Ma il vero motivo di tensione non è neppure questo: è quel cappio che pende sin dalla manovra 2019 e si avvicina sempre di più. La clausola di garanzia. L’aumento dell’Iva per 24 miliardi. Di Maio voleva che fosse chiarito che quell’aumento non ci sarà. Esigeva e ha in parte ottenuto nella nota di palazzo Chigi, che venisse escluso formalmente il ricorso a nuove tasse. Per ora l’aumento nei conti c’è ma «in attesa di definire nei prossimi mesi misure alternative e un programma di revisione della spesa pubblica». È il trionfo della vaghezza, l’ammissione esplicita che per ora il governo non ha idea di come reperire i fondi per evitare l’aumento.
Tria è pronto a provarci. Ma non se allo stesso tempo dovrà anche trovare le coperture per la Flat Tax sulla quale invece insiste Salvini. Alla fine il «primo mattone» che il leader leghista voleva fosse inserito nel Def c’è. Ma è proprio un mattoncino e soprattutto è d’argilla. Si parla di un sentiero per «i prossimi anni» con l’introduzione «graduale» delle due aliquote del 15 e del 20% su cui si basa il progetto della Lega «a partire dai redditi più bassi». Senza indicare con precisione i tempi. Senza nominare quella platea dei redditi fino a 50mila euro indicata da Salvini che nella situazione data è per Tria inabbordabile. Senza specificare davvero con quali coperture, a parte il rimaneggiamento delle detrazioni e delle deduzioni e una «riduzione delle spese fiscali».

Salvini si dice soddisfatto: «La Flat Tax si farà: se ne parla in due passaggi. L’aumento dell’Iva non ci sarà». Di Maio canta vittoria: «La Flat Tax per il ceto medio è questione di buon senso». Ma è campagna elettorale. Il deficit è al 2,4%, dove lo avevano fissato Salvini e Di Maio l’anno scorso prima dell’intervento europeo.
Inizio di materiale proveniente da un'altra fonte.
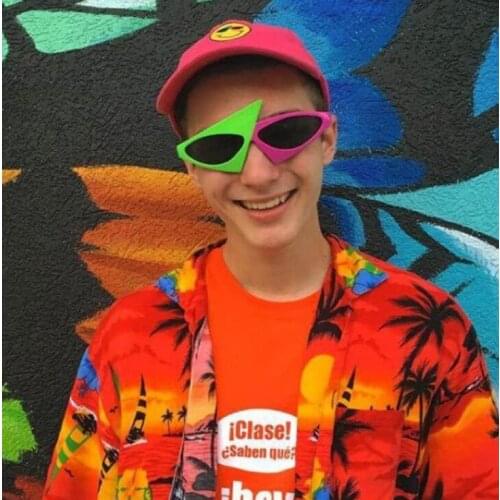 Roy purdy party glasses hip hop pink green sunglasses music festival triangle glasses funny hip hop party funny glasses bar part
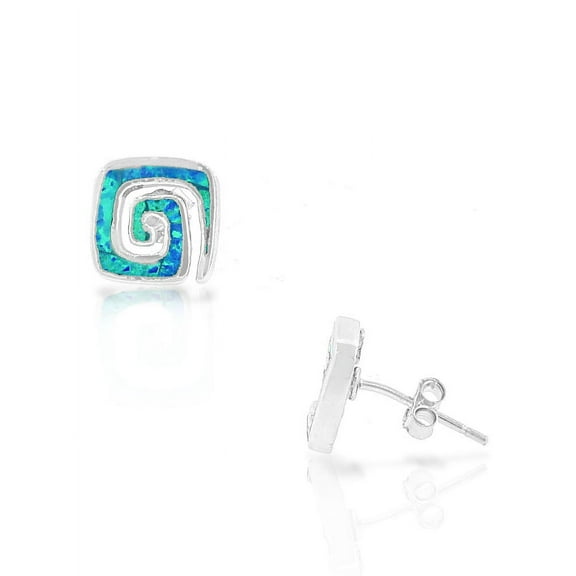 925 Sterling Silver Blue Turquoise-Tone Simulated Opal Square Whirlpool Stud Earrings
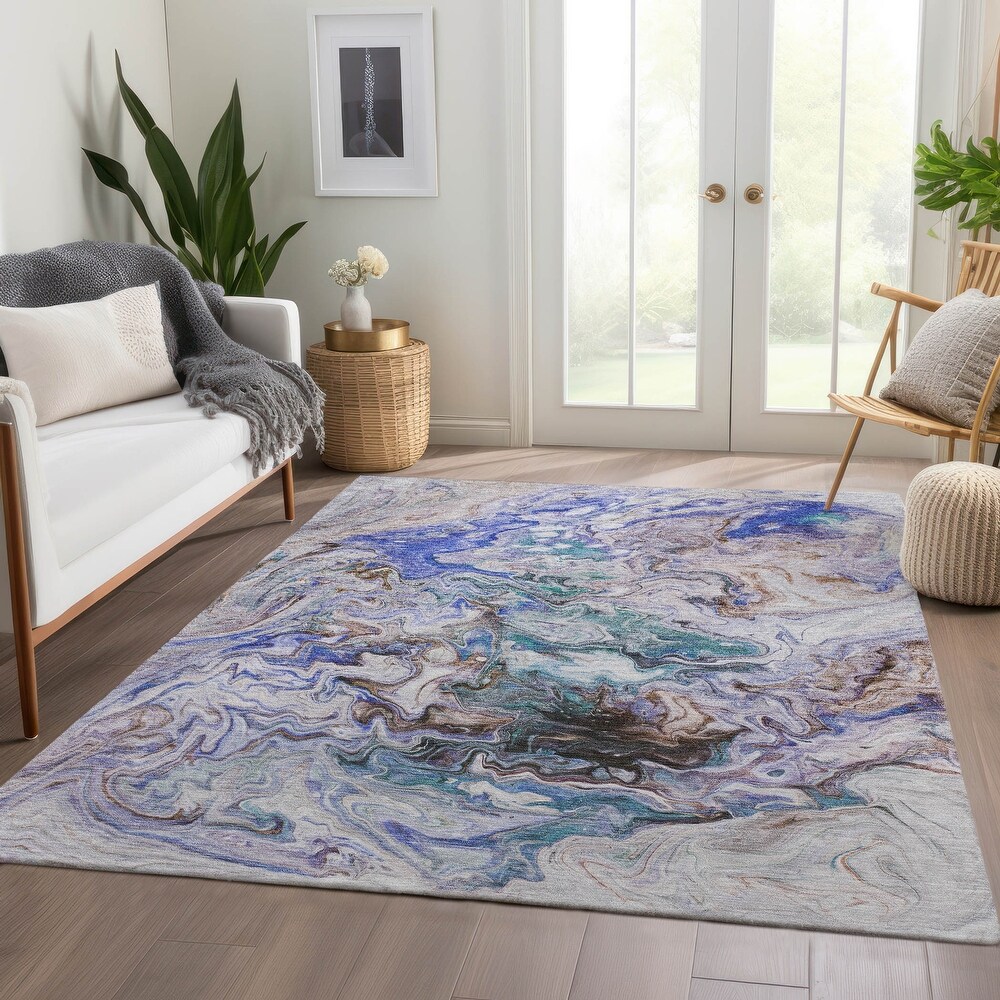 Machine Washable Indoor/ Outdoor Chantille Abstract Contempoary Rug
Ma soprattutto il deficit strutturale, invece di scendere sia pur lievemente, aumenta dall’1,3% all’1,6%. Con le elezioni alle porte Bruxelles farà finta di niente senza reclamare la manovra correttiva. Ma i nodi arriveranno al pettine a urne chiuse, quando bisognerà cominciare a parlare di coperture.
Sino a quel momento meno si parla di Def e per il governo meglio è. Perché il quadro che dipinge è opposto a quello che profetizzava il governo meno di quattro mesi fa. Perché sui due nodi principali, Flat Tax e aumento Iva, bisogna evitare domande che sarebbero inevitabilmente molto scomode. E perché sullo stato dei rapporti tra i vicepremier e il ministro dell’economia è meglio per ora calare un velo.